IP Hash: always send the same user to the same server (Sticky Sessions).

Manual vs. Auto Scaling

Manual Load Balancer

You configure Nginx with a static list of IPs.

upstream backend {
server 10.0.0.1;
server 10.0.0.2;
}

✗ If traffic spikes, you must manually launch a server and edit Nginx conf.
✗ If a server dies, Nginx keeps trying to send traffic until you remove it.

AWS Auto Scaling Group (ASG)

A "Group" that manages the list of servers for you.

✔Health Checks: Automatically kills dead servers and spawns new ones.
✔Dynamic Registry: The Load Balancer talks to the ASG to know which IPs are valid right now. No config edits needed.

AWS ASG Architecture

Load Balancer

Auto Scaling Group

22.11.22.23

:3000

22.11.22.24

:3000

22.11.22.25

:3000

22.11.22.26

:3000

Note

Usage of Sticky Sessions (WebSockets) requires careful LB config!

Essentials: Cloud Terminology

Before we build an autoscaling group, we need to understand the AWS components that make it possible.

EC2

Elastic Compute Cloud. Just a virtual computer (Server).

Image (AMI)

Amazon Machine Image.A "snapshot" of your server. It contains the OS (Linux) + Your Code (Node.js app). The ASG uses this to create identical copies.

ConfigLaunch Template

A configuration file that tells AWS: "When you launch a new server, use this AMI and this Security Group."

Load Balancer

The entry point for all traffic. It listens on port 80/443 and forwards traffic to the Target Group.

Target Group

A dynamic list of IP addresses (servers) that act as the destination for the Load Balancer.

Auto Scaling Group

The manager. It monitors health and metrics. If a server dies, it launches a new one using the Launch Template and registers it to the Target Group.

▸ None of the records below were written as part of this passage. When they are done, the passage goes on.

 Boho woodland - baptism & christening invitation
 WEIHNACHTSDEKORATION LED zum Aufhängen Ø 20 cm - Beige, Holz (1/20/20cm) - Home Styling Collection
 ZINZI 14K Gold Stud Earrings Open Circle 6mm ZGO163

* Fully Managed:The Load Balancer is elastic and completely managed by AWS. We are assured that no issue will occur on the "Left Side". If any issue occurs, it will be on the "Right Side" (your computing instances).

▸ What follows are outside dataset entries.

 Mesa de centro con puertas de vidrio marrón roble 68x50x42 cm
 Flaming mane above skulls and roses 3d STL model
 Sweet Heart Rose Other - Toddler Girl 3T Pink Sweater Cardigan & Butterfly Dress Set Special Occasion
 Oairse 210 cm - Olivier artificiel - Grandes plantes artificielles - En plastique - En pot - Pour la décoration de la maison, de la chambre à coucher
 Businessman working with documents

Deep Dive: Auto Scaling Groups

What is an ASG?

An Auto Scaling Group (ASG) is a service that automatically adjusts the number of EC2 instances in a specified group to meet the demand for your application. It ensures you have the right amount of compute capacity by automatically scaling up or down.

Automatic Scaling

Scales your EC2 instances up or down based on predefined metrics like CPU Utilization or memory usage to maintain optimal performance.

Health Checks

ASG performs regular regular health checks. If an instance becomes unhealthy, it is automatically replaced with a new one.

Example: Process Crash

If your Node.js app crashes on Server A, the health check fails. ASG notices this, terminates Server A, and starts a fresh Server A (Replacement) automatically.

Scaling Policies

Define how scaling happens. Can be schedule-based (e.g., peak hours) or dynamic (real-time metrics).

Example: Black Friday

Schedule Policy:"On Nov 29th at 8:00 AM, increase Desired Capacity to 50 servers." This prepares your infra before the traffic hits.

Launch Templates

Specifies the configuration of instances: AMI (OS + Code), Instance Type (t2.micro), Key Pair, and Security Groups.

Desired Capacity

You define Minimum, Maximum, and Desired counts. ASG ensures the group stays within these bounds.

Example: DDoS Protection

You MUST set a Maximum Capacity. If you get DDoS'd, ASG might keep adding servers to handle the "traffic". Setting Max=10 ensures your bill doesn't skyrocket infinitely.

ELB Integration

New instances are automatically registered with the Elastic Load Balancer (ELB), ensuring immediate traffic distribution.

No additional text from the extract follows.